[WHAT IS EXPECTED] The whole listing below needs to be duplicated exactly, pictures aside.

[SOURCE MATERIAL]
* * * *
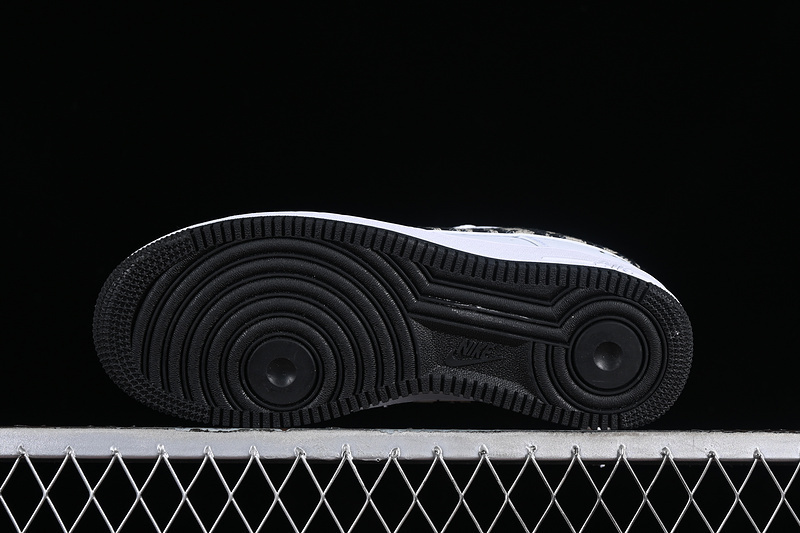 air force 1 300 CW2288 111 AIR FORCE 1 07 LOW WHITE WHITE GREY WOMAN 36 39 MAN 40 45 9A17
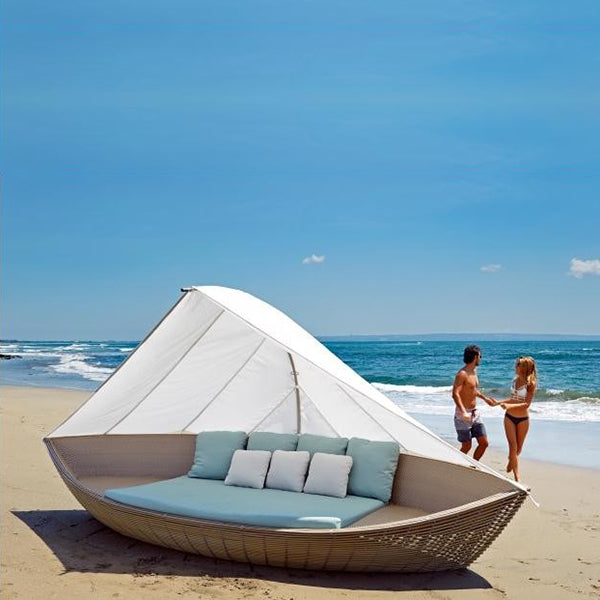  Outdoor Furniture - Canopy Bed - Boat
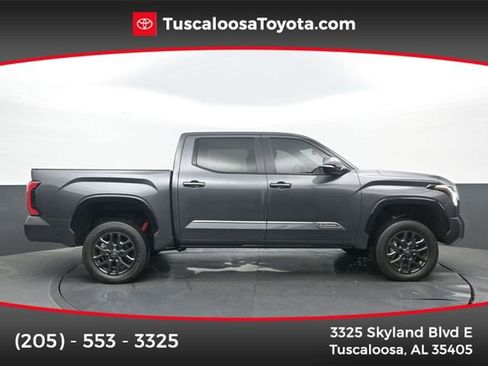 Used 2025 Toyota Tundra Platinum AWD/4WD image 1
* * * *
[SOLUTION TO THIS EXERCISE]
 air force 1 300 CW2288 111 AIR FORCE 1 07 LOW WHITE WHITE GREY WOMAN 36 39 MAN 40 45 9A17
  Outdoor Furniture - Canopy Bed - Boat
 Used 2025 Toyota Tundra Platinum AWD/4WD image 1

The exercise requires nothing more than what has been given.